From the records below, print only the part that opens with the line containing "Costa Coffee Gift" and closes with the line containing "of our venue..."; omit the pictures.

Image-text web data
§ §

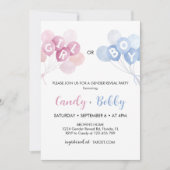 Aktuelle Aufdeckung der Geschlechterperspektive in Einladung (Vorderseite)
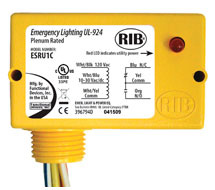 Functional Devices UL924 Emergency Bypass / Shunt Relays ESR Series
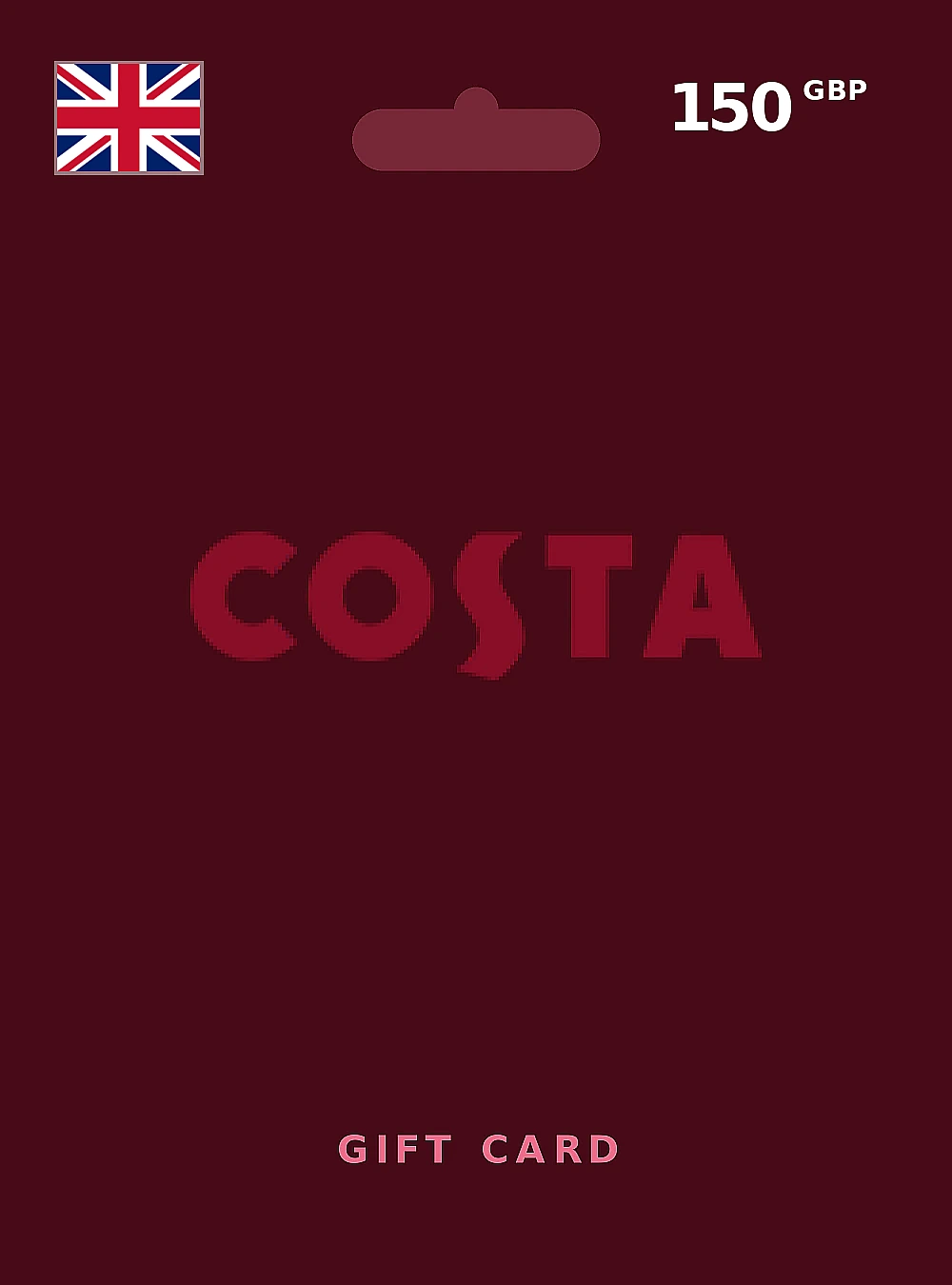 Costa Coffee Gift Card 150 GBP UNITED KINGDOM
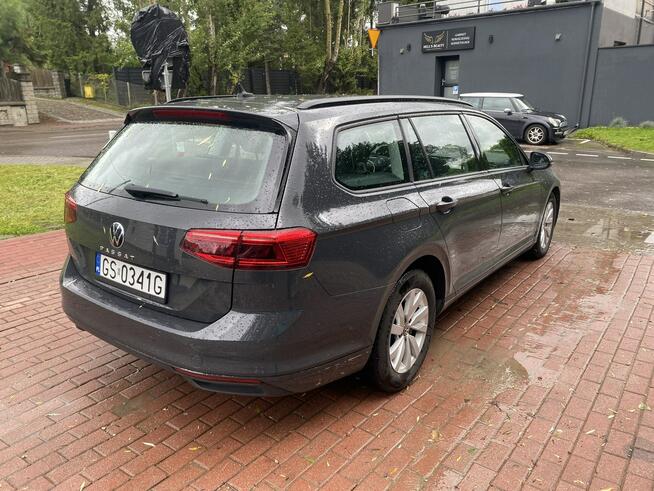 Volkswagen Passat 2.0 TDi 150 KM rej. 2021 rok polski salon Kobylnica - zdjęcie 5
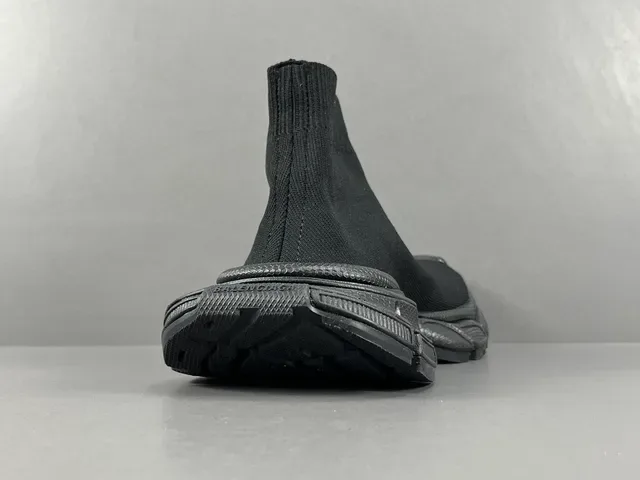 Balenciaga Speed Trainer কালো Sock-Fit লাইফস্টাইল স্নিকার 14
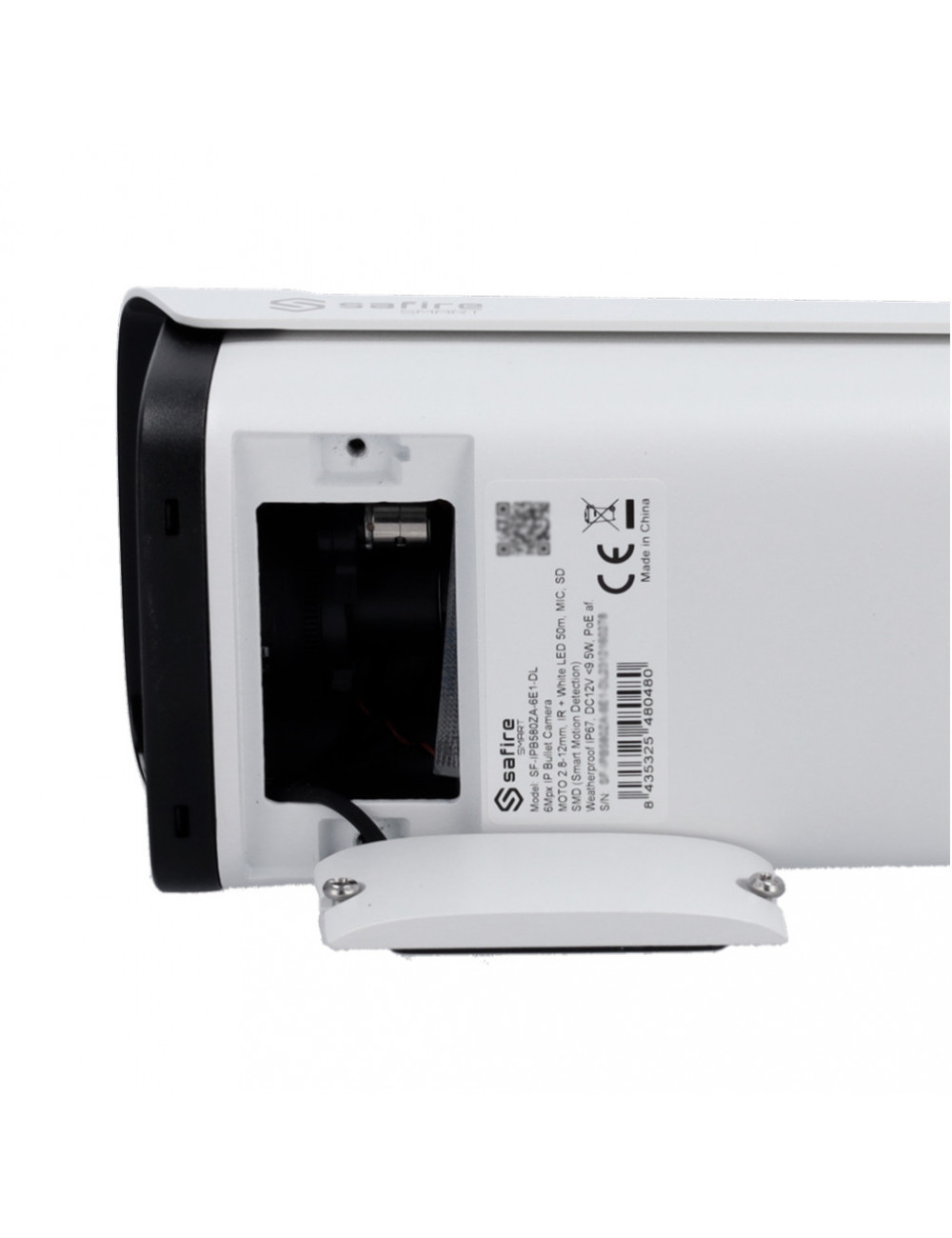 Safire Smart SF-IPB585ZA-4LPR-0832 - Caméra Bullet IP 4 MP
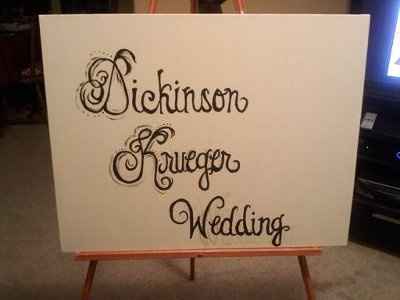 ::OPINION:: So I made this sign for outside of our venue...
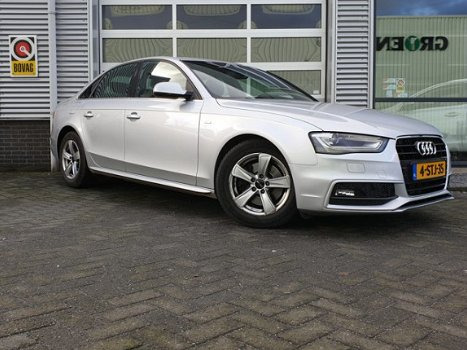 Audi A4 - 1.8 TFS Edition S-LINE* *NAVIGATIE* LM VELGEN - 1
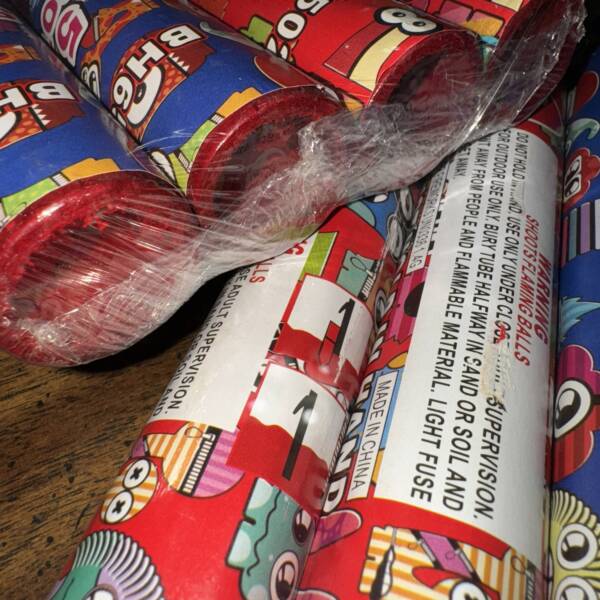 HUGE BABY ROMAN CANDLE 1" BORE 5 SHOT  🧨 - Image 3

§ §

### Response to this exercise
 Costa Coffee Gift Card 150 GBP UNITED KINGDOM
 Volkswagen Passat 2.0 TDi 150 KM rej. 2021 rok polski salon Kobylnica - zdjęcie 5
 Balenciaga Speed Trainer কালো Sock-Fit লাইফস্টাইল স্নিকার 14
 Safire Smart SF-IPB585ZA-4LPR-0832 - Caméra Bullet IP 4 MP
 ::OPINION:: So I made this sign for outside of our venue...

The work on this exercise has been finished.